French sociologist and philosopher Jean Baudrillard coined the phrase ‘everything will become infrastructure bathed in artificial light and energy’, which offers so much to explain the ambitions of Noor Riyadh, Saudi Arabia’s festival of light. In a country, a capital, characterised by the warmth of the daylight and the desert, it is a city transformed by the bravura of the night, when the artificial and the ‘man-made’ come to life. A greater that is a distraction from the stars, and that artificiality, of living whilst the light sleeps, is something that literally critic and scholar David Daiches saw as a greater opportunity for ‘man’s exploration of man by artificial light, which is better than natural light because it can be directed as we want it’. Replacing literature with light art, lead curator Jérôme Sans, sees the latest edition of Noor Riyadh’s, as the darkness craving the light, and for this year’s festival, the night is positively nourished by incarnations of artworks igniting the skies the length and breadth of Riyadh, like fireworks celebrating the passing of the daylight for the night.

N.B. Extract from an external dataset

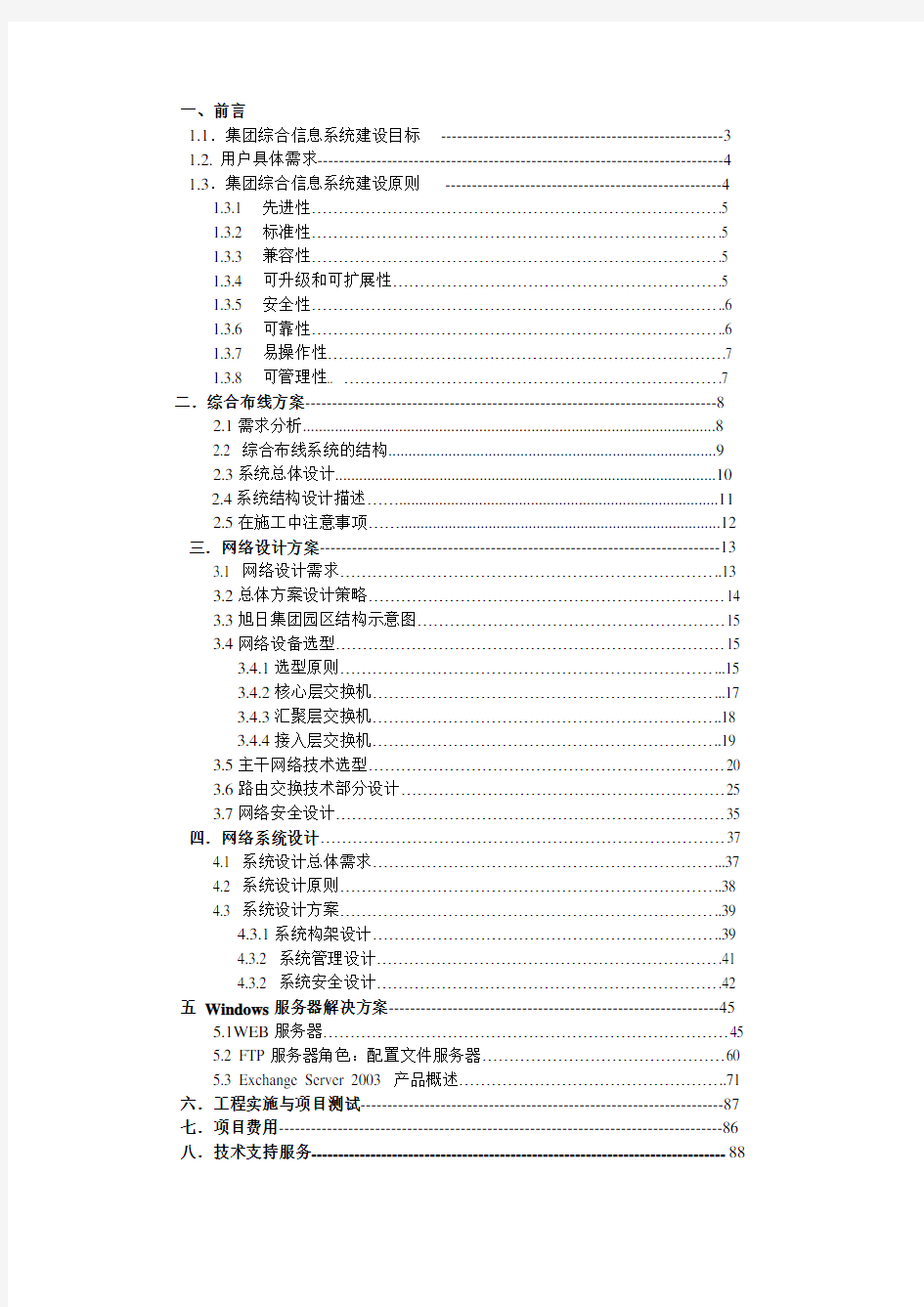 网络系统集成方案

Entitled The Bright Side of the Desert Moon, Sans’ Riyadh festival draws on one hundred and twenty works from a choice of national and international artists; as beacons of light equal for everyone in a city that never sleeps. Noor Riyadh is emblematic of a country and a region that is thriving on a new openness in the outside world, and as a language light is universal. Manifest as a light show of fluid and far-reaching works, that Sans explains as resituated and newly commissioned. The third edition of the festival sees no space or place as undeserving of the endeavour of any of their artists. Like neon signs blinking, many of the works do little more than overwhelm you, until the sincere sophistication of Lachlan Turzcan’s Wave Space 2023, in close proximity to Conrad Shawcross’ Slow Arc Inside A Cube XI 2023, and Julian Charrière’s Vertigo 2023, cast a shadow over the kitsch. Aidha Badr’s Please Dont Leave Me Yet, We Know So Little About Each Other 2023, is a work that appears meant for Instagram, and The Ancient Ones 2023, by Ayman Zedani, is deserving of so much of our time, for his reintroducing nature to wherever we are in the city. With a work that concentrates, unflinchingly, on what we ignore entirely of the ecosystems that emerge from, and are not made on the earth. Works presented as part of the aptly titled Refracted Identities Shared Futures, of artists born and based in different countries and regions, arriving or leaving to return.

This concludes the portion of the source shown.